The Court rejected the proposed settlement because the supplemental disclosures failed to provide a material benefit to the Trulia stockholders and were insufficient to justify the broad release of claims. In reaching this decision, the Court held that certain disclosures were immaterial because they contained information that was already publicly available, while other disclosures, which restated specific data points used by Trulia’s financial advisor, were immaterial because Delaware law only requires companies to provide a summary of the financial advisor’s opinion and not every detail necessary to recalculate the advisor’s analysis.

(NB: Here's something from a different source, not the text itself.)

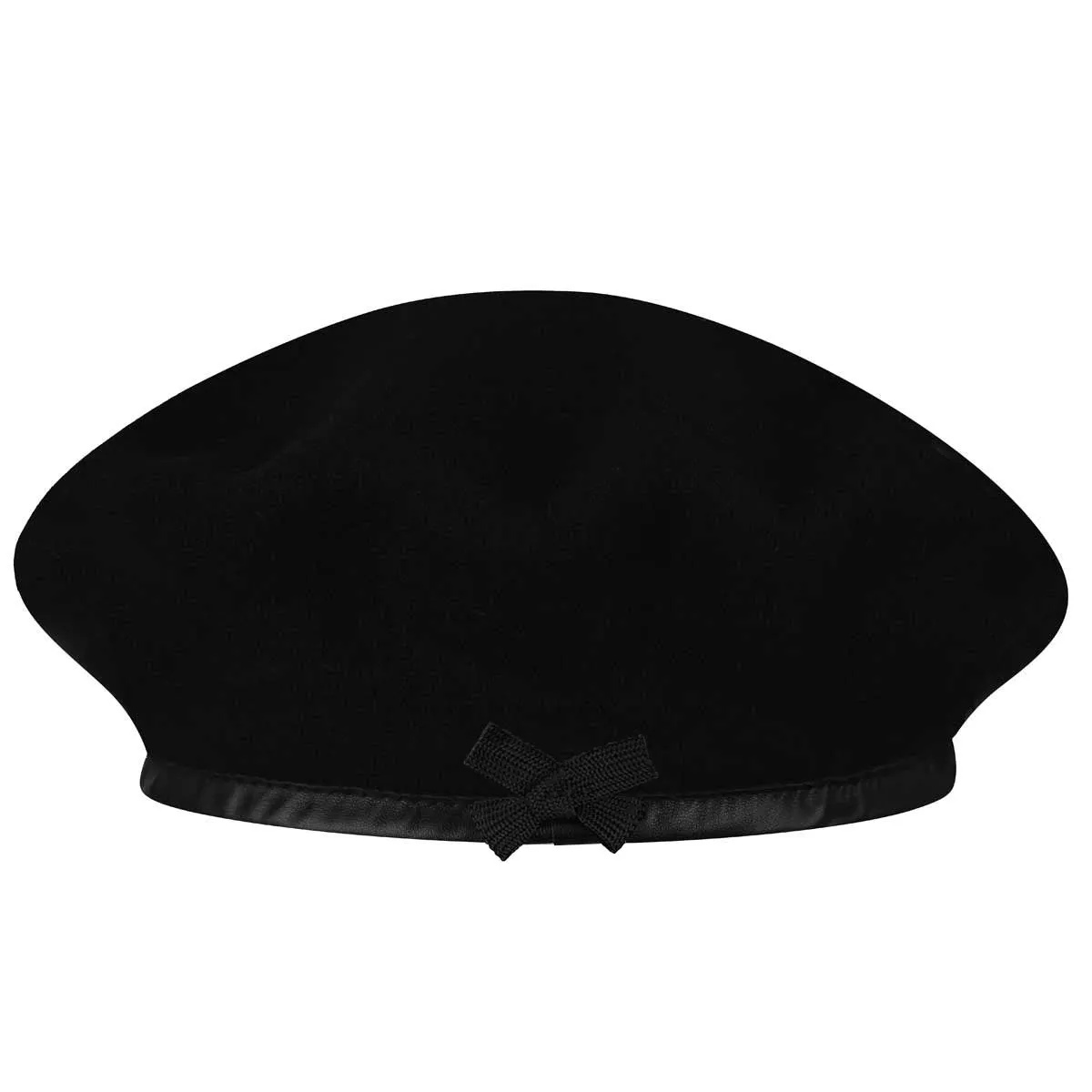Kangol Hats Kangol Monty Wool Beret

In addition to its ruling, the Court unambiguously announced its intention to review “disclosure settlements” in the future with heightened scrutiny. The Court acknowledged that defendants involved in deal litigation have strong incentives to settle quickly—particularly if such settlements can be obtained by offering minimal disclosures in exchange for a broad release of stockholder claims. The Court explained, however, that its prior willingness to approve settlements calling for marginal disclosures, sweeping releases of stockholder claims and six-figure attorney fees had led to an explosion of lawsuits that “serve[] no useful purpose.” Stressing how it can be problematic to adjudicate disclosure claims in the context of settlement-approval proceedings, the Court further explained that such proceedings are non-adversarial, leaving the Court to determine the materiality of supplemental disclosures without the benefit of a full record or consulting opposing briefs. Given the surge in deal litigation and the risk that stockholders are losing potentially valuable claims that have not been adequately investigated, the Court proposed two solutions.

First, the Court recommended that disclosure claims be litigated outside of a settlement-approval proceeding and in an adversarial context. One such context would be a preliminary injunction motion, where plaintiffs would bear the burden of showing that disclosure of the omitted fact would likely have been material to a reasonable investor. Another context is when plaintiffs’ counsel apply to the Court for an award of attorneys’ fees after defendants voluntarily decide to supplement their proxy materials by making one or more of the disclosures sought by plaintiffs, thereby mooting some or all of their claims. In this situation, defendants are incentivized to oppose excessive fee requests.

Second, to the extent parties continue to pursue disclosure-based settlements, the Court warned that such settlements are “likely to be met with continued disfavor” by the Court unless the supplemental disclosures address a “plainly material misrepresentation or omission,” and the subject matter of the proposed release is narrowly circumscribed to encompass nothing more than disclosure claims and fiduciary duty claims concerning the sale process.

Should supplemental information not be “plainly material,” the Court recommended appointing an amicus curiae, paid for by both parties, to assist the Court in evaluating the alleged benefits of the supplemental disclosures. Finally, to mitigate the risk that parties will seek out forums willing to approve disclosure settlements of no genuine value, the Court also called on its sister courts in other states to adopt similar practices.

Following the settlement hearing, the Court noted that the parties agreed to narrow the release to exclude unknown claims, foreign claims, and claims arising under state or federal antitrust law. However, the Court held that this narrowed release was still overbroad as it was not limited to solely disclosure claims and fiduciary duty claims concerning the decision to enter into the merger.